_Supplied information_:
----------------

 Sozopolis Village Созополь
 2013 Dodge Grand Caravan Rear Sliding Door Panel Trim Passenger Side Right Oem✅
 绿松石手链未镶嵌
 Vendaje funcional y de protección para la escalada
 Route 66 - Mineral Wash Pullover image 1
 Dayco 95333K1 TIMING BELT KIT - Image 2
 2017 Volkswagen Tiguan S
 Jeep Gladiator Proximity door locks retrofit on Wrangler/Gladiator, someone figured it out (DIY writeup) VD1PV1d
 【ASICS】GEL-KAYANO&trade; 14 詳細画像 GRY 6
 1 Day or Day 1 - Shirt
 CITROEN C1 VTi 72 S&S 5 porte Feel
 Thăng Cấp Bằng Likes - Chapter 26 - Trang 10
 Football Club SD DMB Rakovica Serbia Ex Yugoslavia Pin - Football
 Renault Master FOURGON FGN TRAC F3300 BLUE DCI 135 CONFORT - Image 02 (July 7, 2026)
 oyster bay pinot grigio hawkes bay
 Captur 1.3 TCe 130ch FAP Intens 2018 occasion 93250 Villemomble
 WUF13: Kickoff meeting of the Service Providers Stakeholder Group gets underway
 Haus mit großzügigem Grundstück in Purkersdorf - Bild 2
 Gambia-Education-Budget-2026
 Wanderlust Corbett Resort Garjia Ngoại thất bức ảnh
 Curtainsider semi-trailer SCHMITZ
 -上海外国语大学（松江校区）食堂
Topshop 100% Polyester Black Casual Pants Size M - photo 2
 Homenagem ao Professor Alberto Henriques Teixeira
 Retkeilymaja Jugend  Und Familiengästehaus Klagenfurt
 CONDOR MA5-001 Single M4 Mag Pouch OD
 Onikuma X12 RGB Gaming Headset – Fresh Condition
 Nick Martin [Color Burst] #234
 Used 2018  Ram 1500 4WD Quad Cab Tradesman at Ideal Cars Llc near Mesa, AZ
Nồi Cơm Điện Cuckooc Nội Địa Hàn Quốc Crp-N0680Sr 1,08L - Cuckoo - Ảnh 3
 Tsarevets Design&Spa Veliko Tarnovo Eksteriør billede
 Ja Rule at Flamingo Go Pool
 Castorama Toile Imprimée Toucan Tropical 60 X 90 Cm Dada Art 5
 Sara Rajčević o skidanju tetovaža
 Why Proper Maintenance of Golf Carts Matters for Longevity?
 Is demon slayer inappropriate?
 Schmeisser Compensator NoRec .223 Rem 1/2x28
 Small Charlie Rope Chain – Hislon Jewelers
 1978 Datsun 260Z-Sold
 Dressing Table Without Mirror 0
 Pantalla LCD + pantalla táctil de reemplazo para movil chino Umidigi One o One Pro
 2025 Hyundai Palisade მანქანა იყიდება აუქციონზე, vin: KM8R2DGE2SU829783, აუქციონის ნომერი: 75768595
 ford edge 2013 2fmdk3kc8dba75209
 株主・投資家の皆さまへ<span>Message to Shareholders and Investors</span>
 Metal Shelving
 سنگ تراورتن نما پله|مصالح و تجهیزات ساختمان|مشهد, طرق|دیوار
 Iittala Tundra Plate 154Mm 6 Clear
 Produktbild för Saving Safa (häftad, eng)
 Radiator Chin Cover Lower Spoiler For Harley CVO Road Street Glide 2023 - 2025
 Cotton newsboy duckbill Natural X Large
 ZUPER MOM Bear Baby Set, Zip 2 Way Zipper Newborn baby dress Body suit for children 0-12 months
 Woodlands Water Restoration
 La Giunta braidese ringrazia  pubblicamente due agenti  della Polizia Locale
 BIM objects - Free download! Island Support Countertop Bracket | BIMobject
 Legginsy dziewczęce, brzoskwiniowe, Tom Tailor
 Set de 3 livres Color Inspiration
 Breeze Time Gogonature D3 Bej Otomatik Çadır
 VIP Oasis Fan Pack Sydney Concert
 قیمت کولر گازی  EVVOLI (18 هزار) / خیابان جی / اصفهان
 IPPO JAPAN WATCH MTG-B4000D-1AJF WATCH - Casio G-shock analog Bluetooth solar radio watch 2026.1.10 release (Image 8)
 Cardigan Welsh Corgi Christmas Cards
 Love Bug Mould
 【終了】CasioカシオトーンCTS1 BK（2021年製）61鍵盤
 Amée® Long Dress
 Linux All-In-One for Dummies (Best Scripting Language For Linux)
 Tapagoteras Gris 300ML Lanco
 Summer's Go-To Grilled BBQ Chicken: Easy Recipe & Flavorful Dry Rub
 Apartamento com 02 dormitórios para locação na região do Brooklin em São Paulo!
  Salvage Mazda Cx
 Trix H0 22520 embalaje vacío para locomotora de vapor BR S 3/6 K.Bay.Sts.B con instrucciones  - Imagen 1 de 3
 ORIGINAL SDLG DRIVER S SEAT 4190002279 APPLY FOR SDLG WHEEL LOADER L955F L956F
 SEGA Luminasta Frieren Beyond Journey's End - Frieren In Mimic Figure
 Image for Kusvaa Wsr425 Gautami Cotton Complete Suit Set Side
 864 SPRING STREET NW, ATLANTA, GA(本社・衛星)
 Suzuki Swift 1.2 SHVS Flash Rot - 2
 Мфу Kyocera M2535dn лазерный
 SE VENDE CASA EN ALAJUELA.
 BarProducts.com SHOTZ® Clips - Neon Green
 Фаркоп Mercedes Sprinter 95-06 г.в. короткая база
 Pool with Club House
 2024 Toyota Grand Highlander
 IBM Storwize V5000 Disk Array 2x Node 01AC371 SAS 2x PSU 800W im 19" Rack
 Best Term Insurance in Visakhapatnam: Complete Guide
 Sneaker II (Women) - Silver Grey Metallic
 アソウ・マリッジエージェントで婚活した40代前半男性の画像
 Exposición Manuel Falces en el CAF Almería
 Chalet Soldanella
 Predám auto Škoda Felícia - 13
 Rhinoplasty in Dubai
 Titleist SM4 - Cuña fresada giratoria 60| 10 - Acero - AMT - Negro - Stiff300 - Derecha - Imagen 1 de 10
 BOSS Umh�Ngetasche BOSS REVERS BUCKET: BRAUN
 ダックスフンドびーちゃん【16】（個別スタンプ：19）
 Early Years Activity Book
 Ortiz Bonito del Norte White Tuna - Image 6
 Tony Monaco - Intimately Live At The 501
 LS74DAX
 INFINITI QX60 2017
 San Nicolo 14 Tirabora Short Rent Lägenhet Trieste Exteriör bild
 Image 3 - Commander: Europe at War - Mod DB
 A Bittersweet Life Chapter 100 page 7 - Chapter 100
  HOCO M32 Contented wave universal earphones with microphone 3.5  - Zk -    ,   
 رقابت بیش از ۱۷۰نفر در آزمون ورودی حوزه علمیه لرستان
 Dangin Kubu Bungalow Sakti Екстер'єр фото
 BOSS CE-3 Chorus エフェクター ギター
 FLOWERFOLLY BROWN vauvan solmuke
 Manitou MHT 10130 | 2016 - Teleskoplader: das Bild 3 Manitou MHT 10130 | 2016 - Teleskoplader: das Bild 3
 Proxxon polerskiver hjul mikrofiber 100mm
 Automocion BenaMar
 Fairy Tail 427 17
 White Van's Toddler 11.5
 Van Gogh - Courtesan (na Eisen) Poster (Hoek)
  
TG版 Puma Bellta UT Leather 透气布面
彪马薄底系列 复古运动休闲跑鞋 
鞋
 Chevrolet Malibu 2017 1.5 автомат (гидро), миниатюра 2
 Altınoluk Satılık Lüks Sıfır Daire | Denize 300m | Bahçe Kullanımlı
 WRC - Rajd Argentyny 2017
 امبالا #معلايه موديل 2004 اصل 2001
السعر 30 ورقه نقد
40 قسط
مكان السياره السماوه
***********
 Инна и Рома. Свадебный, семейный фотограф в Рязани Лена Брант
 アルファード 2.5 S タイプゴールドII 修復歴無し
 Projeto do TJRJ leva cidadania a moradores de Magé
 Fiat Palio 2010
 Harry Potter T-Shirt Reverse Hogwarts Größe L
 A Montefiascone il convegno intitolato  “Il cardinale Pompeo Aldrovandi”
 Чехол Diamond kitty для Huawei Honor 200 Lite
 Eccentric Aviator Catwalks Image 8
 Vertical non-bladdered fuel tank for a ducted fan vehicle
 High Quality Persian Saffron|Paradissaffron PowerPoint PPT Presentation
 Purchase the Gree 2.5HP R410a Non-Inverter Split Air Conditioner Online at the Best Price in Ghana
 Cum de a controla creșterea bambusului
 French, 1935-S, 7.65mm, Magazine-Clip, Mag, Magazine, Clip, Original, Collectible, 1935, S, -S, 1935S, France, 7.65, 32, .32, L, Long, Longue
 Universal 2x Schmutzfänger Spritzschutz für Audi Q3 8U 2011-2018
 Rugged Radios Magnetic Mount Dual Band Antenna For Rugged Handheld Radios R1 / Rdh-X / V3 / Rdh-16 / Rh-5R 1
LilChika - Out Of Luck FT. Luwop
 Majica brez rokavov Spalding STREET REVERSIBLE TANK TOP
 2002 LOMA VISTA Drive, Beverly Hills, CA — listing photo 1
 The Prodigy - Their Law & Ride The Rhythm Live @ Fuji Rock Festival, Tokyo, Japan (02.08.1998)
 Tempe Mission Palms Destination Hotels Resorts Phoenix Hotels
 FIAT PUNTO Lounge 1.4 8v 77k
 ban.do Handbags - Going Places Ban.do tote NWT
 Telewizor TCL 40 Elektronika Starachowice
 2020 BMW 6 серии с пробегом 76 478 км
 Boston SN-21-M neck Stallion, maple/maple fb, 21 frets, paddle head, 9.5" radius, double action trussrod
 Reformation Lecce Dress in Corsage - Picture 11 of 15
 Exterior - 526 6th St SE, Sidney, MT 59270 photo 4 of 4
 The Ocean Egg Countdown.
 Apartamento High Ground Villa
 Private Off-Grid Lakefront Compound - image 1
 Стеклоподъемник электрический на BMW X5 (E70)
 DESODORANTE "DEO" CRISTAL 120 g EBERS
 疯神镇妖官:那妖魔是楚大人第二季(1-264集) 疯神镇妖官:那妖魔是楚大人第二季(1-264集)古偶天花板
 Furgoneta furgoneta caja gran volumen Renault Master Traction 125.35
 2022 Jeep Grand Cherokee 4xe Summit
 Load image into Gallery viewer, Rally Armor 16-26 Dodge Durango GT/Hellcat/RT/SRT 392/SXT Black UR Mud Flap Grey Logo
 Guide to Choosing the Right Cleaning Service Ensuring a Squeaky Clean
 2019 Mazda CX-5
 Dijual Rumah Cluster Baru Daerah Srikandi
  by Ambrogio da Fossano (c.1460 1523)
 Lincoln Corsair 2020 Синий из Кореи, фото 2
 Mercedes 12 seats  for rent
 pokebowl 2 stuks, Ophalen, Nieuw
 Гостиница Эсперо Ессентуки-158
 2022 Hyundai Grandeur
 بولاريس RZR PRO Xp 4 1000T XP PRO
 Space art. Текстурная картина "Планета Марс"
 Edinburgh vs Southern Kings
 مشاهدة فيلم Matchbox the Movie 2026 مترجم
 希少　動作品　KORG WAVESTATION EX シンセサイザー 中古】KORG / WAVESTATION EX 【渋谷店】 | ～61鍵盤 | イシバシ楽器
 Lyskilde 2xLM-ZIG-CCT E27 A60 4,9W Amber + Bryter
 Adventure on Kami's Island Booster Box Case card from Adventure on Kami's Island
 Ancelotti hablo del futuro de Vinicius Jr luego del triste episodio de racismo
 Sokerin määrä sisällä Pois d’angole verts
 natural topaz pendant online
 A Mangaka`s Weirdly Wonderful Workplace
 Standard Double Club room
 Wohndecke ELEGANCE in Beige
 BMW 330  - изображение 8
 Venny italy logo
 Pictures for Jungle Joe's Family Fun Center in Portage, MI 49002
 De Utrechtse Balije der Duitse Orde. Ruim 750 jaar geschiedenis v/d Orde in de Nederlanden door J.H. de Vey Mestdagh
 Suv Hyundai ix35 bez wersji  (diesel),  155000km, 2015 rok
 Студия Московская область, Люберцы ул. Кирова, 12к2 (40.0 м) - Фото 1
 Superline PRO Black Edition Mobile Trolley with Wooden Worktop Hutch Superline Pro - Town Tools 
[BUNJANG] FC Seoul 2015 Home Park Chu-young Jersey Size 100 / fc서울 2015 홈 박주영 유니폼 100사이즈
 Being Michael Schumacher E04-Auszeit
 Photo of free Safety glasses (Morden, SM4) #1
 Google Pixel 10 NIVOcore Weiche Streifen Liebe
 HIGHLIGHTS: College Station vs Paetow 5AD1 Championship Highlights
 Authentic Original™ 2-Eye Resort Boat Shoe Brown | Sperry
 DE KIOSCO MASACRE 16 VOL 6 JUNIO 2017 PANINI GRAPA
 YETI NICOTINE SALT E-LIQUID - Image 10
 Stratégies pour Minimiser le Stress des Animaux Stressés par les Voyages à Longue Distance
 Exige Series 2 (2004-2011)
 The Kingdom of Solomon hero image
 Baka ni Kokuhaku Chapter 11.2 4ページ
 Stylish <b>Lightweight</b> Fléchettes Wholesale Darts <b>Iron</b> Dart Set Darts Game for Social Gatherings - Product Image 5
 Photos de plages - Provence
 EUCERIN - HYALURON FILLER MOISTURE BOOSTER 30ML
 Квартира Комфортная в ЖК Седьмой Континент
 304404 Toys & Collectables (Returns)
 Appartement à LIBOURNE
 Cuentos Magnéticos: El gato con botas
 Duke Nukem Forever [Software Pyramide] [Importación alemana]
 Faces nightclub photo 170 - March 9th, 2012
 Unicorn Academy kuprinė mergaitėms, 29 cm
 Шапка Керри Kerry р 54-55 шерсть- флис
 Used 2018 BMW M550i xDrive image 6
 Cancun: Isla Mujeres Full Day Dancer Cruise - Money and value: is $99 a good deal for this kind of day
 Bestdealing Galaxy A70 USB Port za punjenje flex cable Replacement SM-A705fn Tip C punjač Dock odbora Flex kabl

----------------

_Problem statement_: Take the lines from the first line of the listing to the line containing "Wanderlust Corbett Resort". Please print them exactly, ends included, with nothing else.

_Answer to this exercise_:
 Sozopolis Village Созополь
 2013 Dodge Grand Caravan Rear Sliding Door Panel Trim Passenger Side Right Oem✅
 绿松石手链未镶嵌
 Vendaje funcional y de protección para la escalada
 Route 66 - Mineral Wash Pullover image 1
 Dayco 95333K1 TIMING BELT KIT - Image 2
 2017 Volkswagen Tiguan S
 Jeep Gladiator Proximity door locks retrofit on Wrangler/Gladiator, someone figured it out (DIY writeup) VD1PV1d
 【ASICS】GEL-KAYANO&trade; 14 詳細画像 GRY 6
 1 Day or Day 1 - Shirt
 CITROEN C1 VTi 72 S&S 5 porte Feel
 Thăng Cấp Bằng Likes - Chapter 26 - Trang 10
 Football Club SD DMB Rakovica Serbia Ex Yugoslavia Pin - Football
 Renault Master FOURGON FGN TRAC F3300 BLUE DCI 135 CONFORT - Image 02 (July 7, 2026)
 oyster bay pinot grigio hawkes bay
 Captur 1.3 TCe 130ch FAP Intens 2018 occasion 93250 Villemomble
 WUF13: Kickoff meeting of the Service Providers Stakeholder Group gets underway
 Haus mit großzügigem Grundstück in Purkersdorf - Bild 2
 Gambia-Education-Budget-2026
 Wanderlust Corbett Resort Garjia Ngoại thất bức ảnh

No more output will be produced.